— PROBLEM REQUIREMENTS —
The result should be the lines from the one holding "1981 E 1275 N, Layton, UT 84040 — photo 4" to the end of the records below, repeated exactly. No pictures.
[Opening RECORDS FOR PROCESSING section]
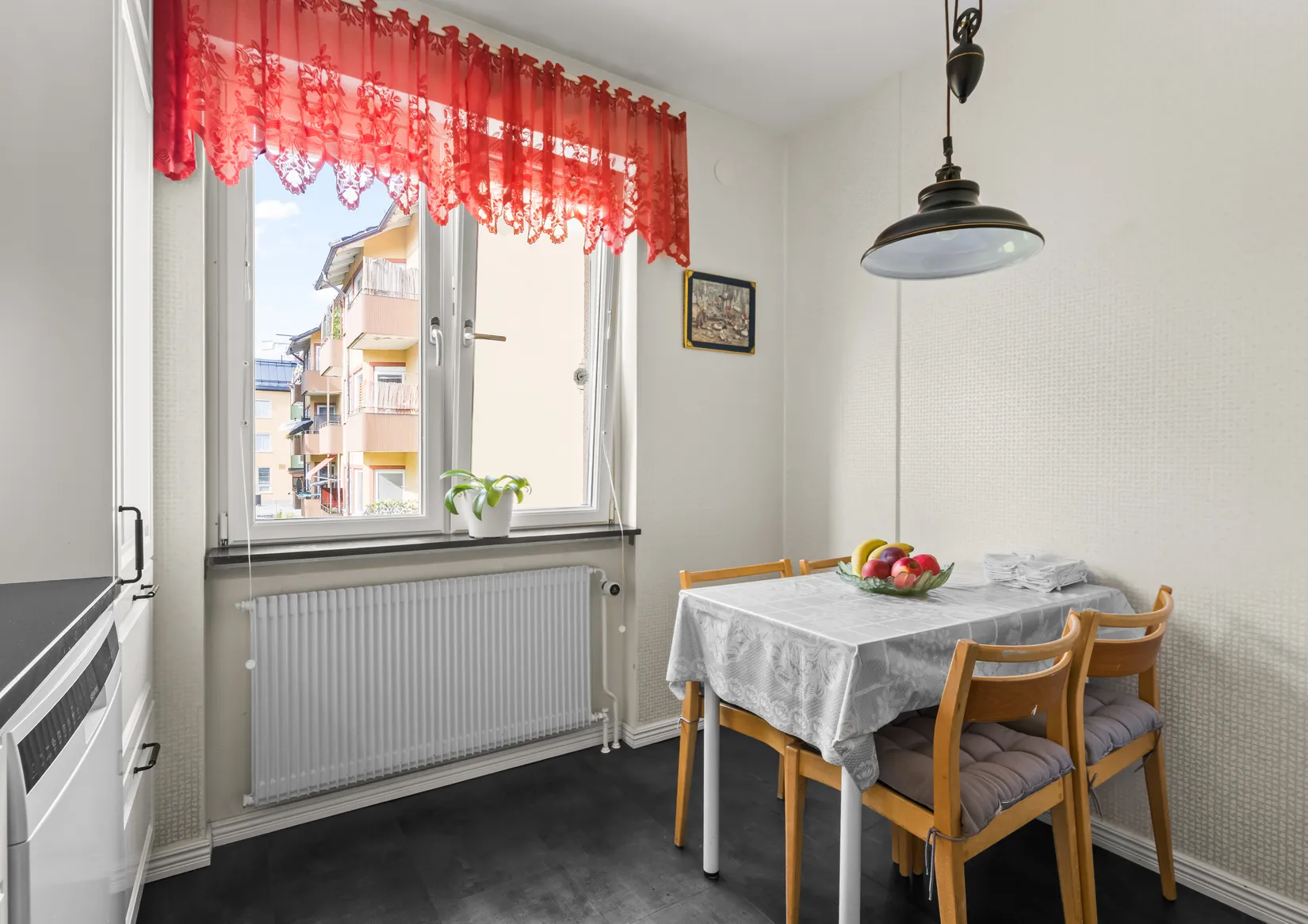Bostadsrätt, Smedsgatan 3 B Lgh 1001, Centralt, Sandviken
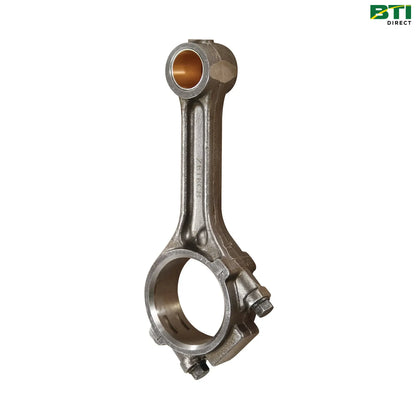 RE19733: Connecting Rod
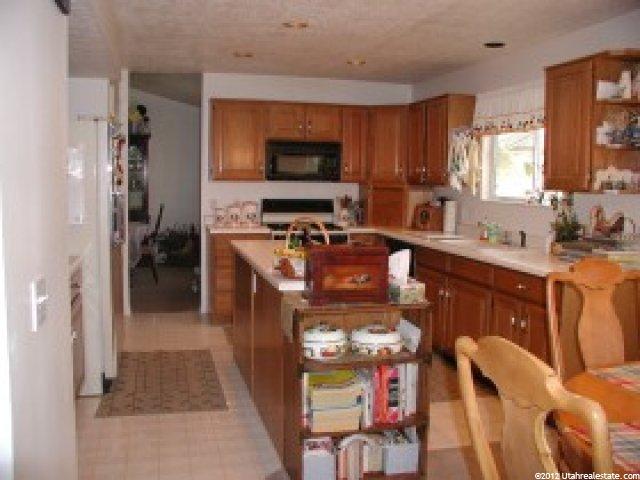 1981 E 1275 N, Layton, UT 84040 — photo 4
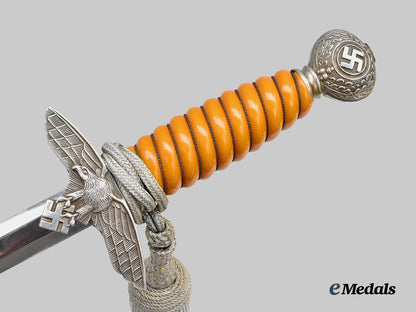 germany,_luftwaffe._an_officer’s_dress_dagger,_by_weyersberg,_kirschbaum&_cie___m_n_c6828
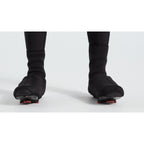 Neoprene Shoe Covers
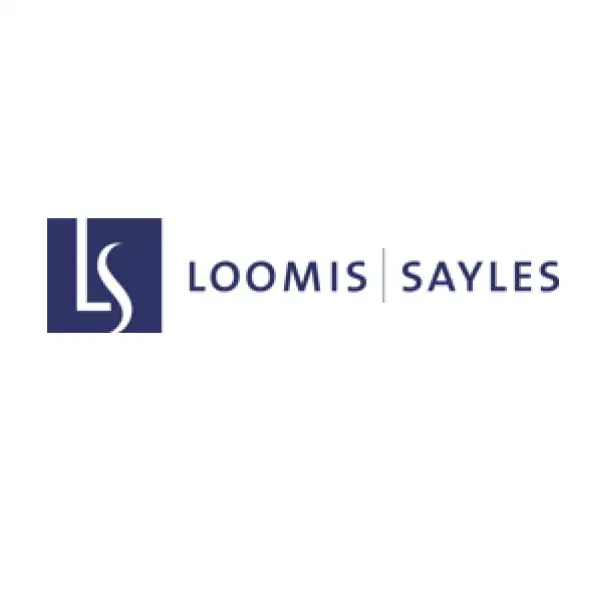 Loomis, Sayles & Co.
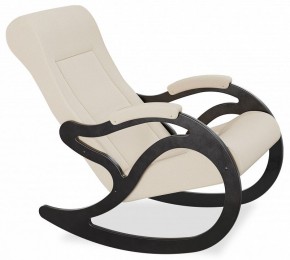 Кресло-качалка Модель 7 в Кунгуре - kungur.mebel24.online | фото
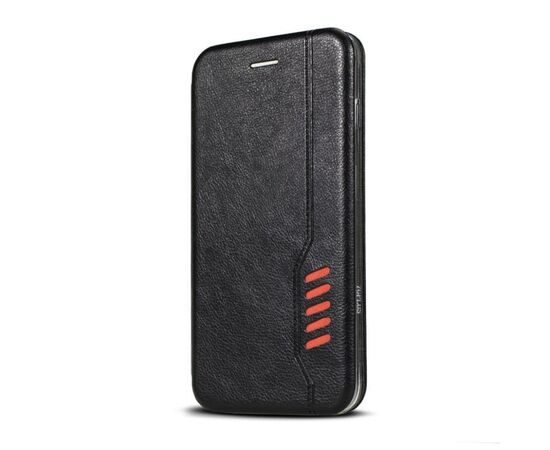 Чехол для моб. телефона BeCover Exclusive New Style Samsung Galaxy M31 SM-M315 Black (704931 (704931)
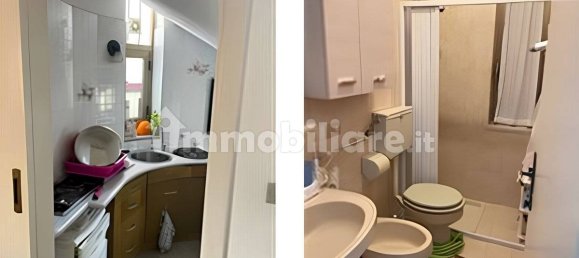 4 bedrooms Villa in Torrenova, Italy No. 38207 6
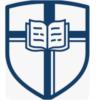 Logo: Colorado Christian University logo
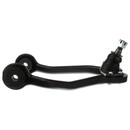Delphi Suspension Control Arm and Ball Joint Assembly TC5195 - view 4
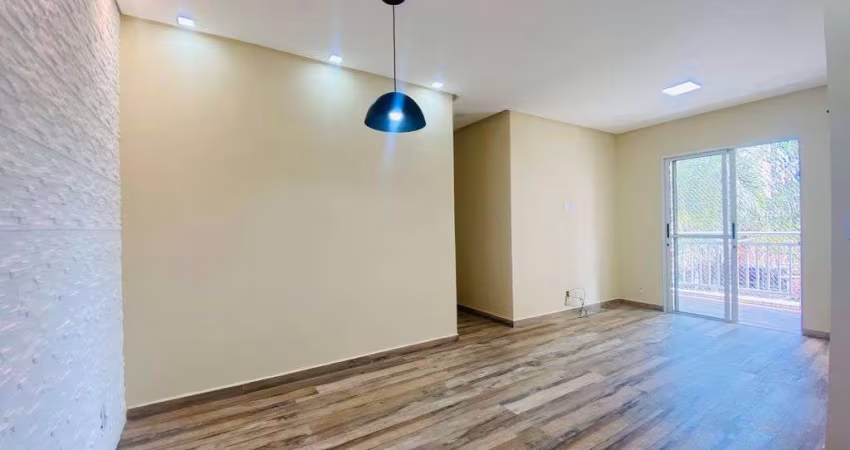 Apartamento para locação na Ocian - 3 dormitórios.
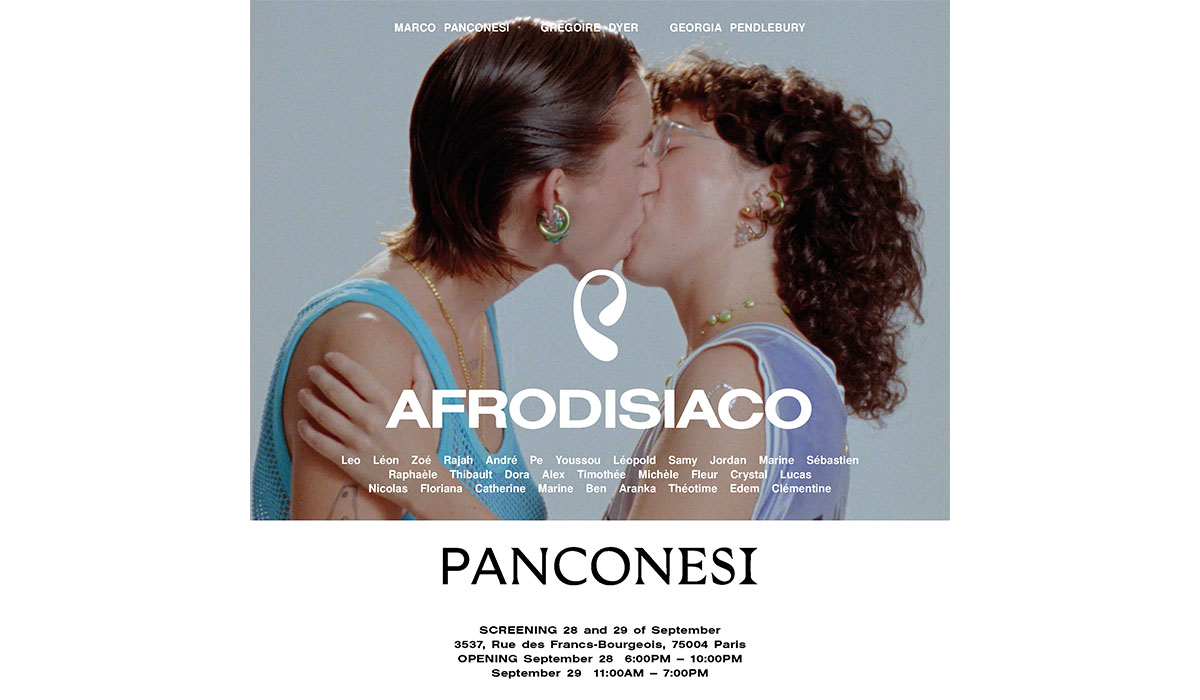 Panconesi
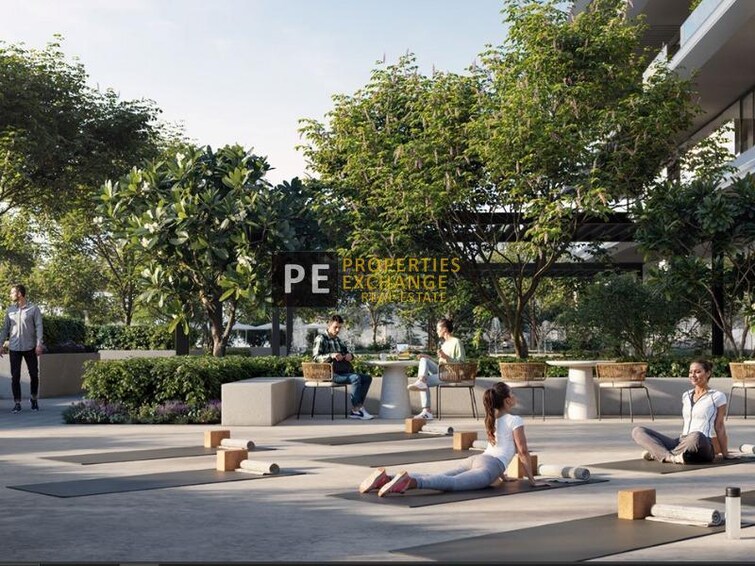  Apartment for Sale, Dubai Creek Harbour, Dubai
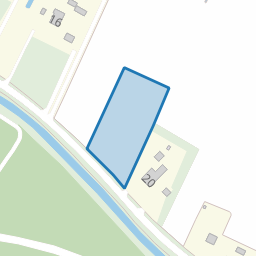 Perceel HDB01-AB-1747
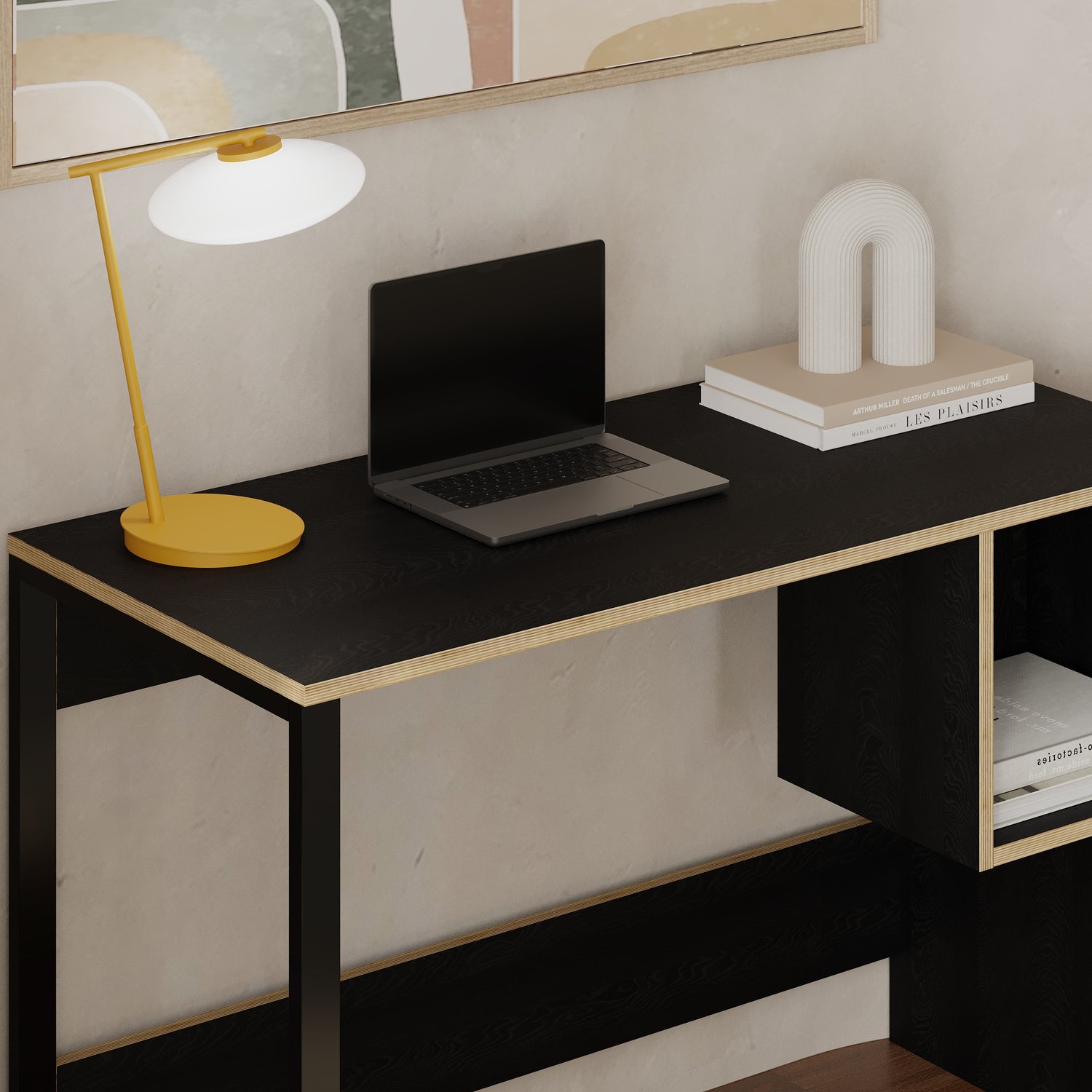 Home Furniture in UAE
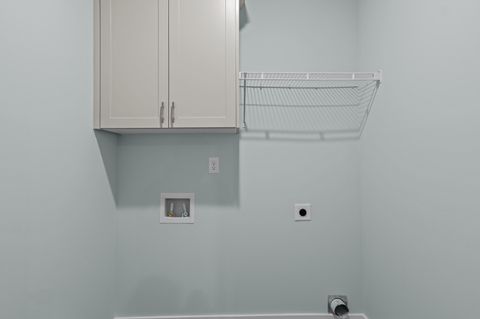 Tiny photo for 707 Ronaldsay Road, Grovetown, GA 30813 (MLS # 540391)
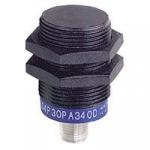 Induktiv nfl plast m30 pnp no 15mm m12 xs4p30pa340d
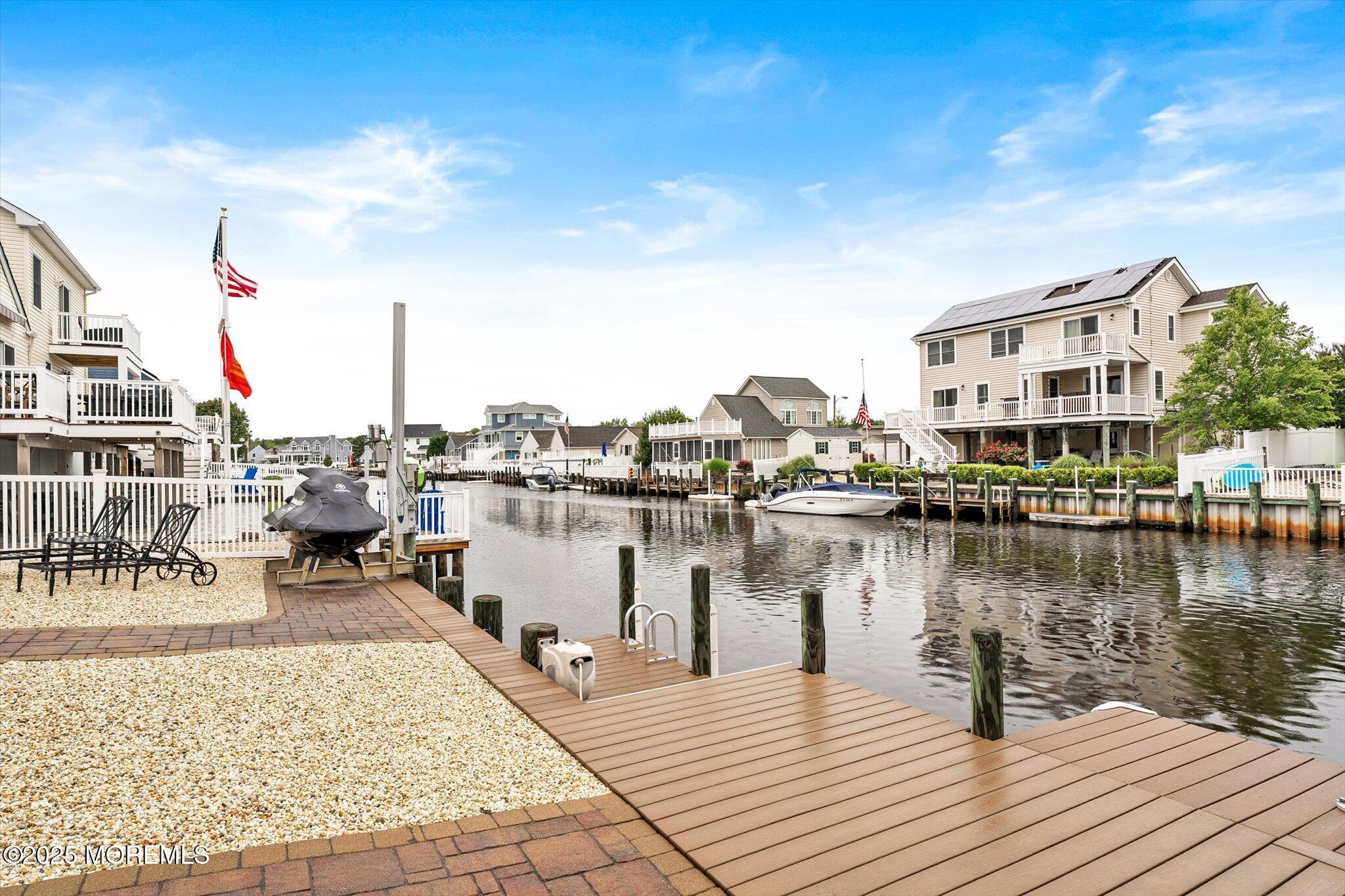 165 Eileen Lane, Manahawkin, New Jersey image 36
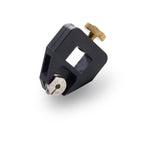 Replacement Head for Bohle Portable Workstation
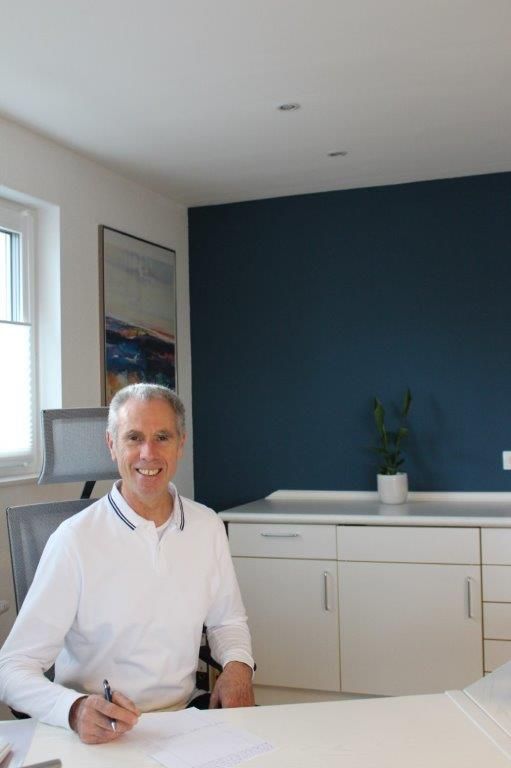 Praxis für Osteopathie und Naturheilkunde-0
[Closing RECORDS FOR PROCESSING section]
— RESULT BELOW —
 1981 E 1275 N, Layton, UT 84040 — photo 4
 germany,_luftwaffe._an_officer’s_dress_dagger,_by_weyersberg,_kirschbaum&_cie___m_n_c6828
 Neoprene Shoe Covers
 Loomis, Sayles & Co.
 Кресло-качалка Модель 7 в Кунгуре - kungur.mebel24.online | фото
 Чехол для моб. телефона BeCover Exclusive New Style Samsung Galaxy M31 SM-M315 Black (704931 (704931)
 4 bedrooms Villa in Torrenova, Italy No. 38207 6
 Logo: Colorado Christian University logo
Delphi Suspension Control Arm and Ball Joint Assembly TC5195 - view 4
 Apartamento para locação na Ocian - 3 dormitórios.
 Panconesi
  Apartment for Sale, Dubai Creek Harbour, Dubai
 Perceel HDB01-AB-1747
 Home Furniture in UAE
 Tiny photo for 707 Ronaldsay Road, Grovetown, GA 30813 (MLS # 540391)
 Induktiv nfl plast m30 pnp no 15mm m12 xs4p30pa340d
 165 Eileen Lane, Manahawkin, New Jersey image 36
 Replacement Head for Bohle Portable Workstation
 Praxis für Osteopathie und Naturheilkunde-0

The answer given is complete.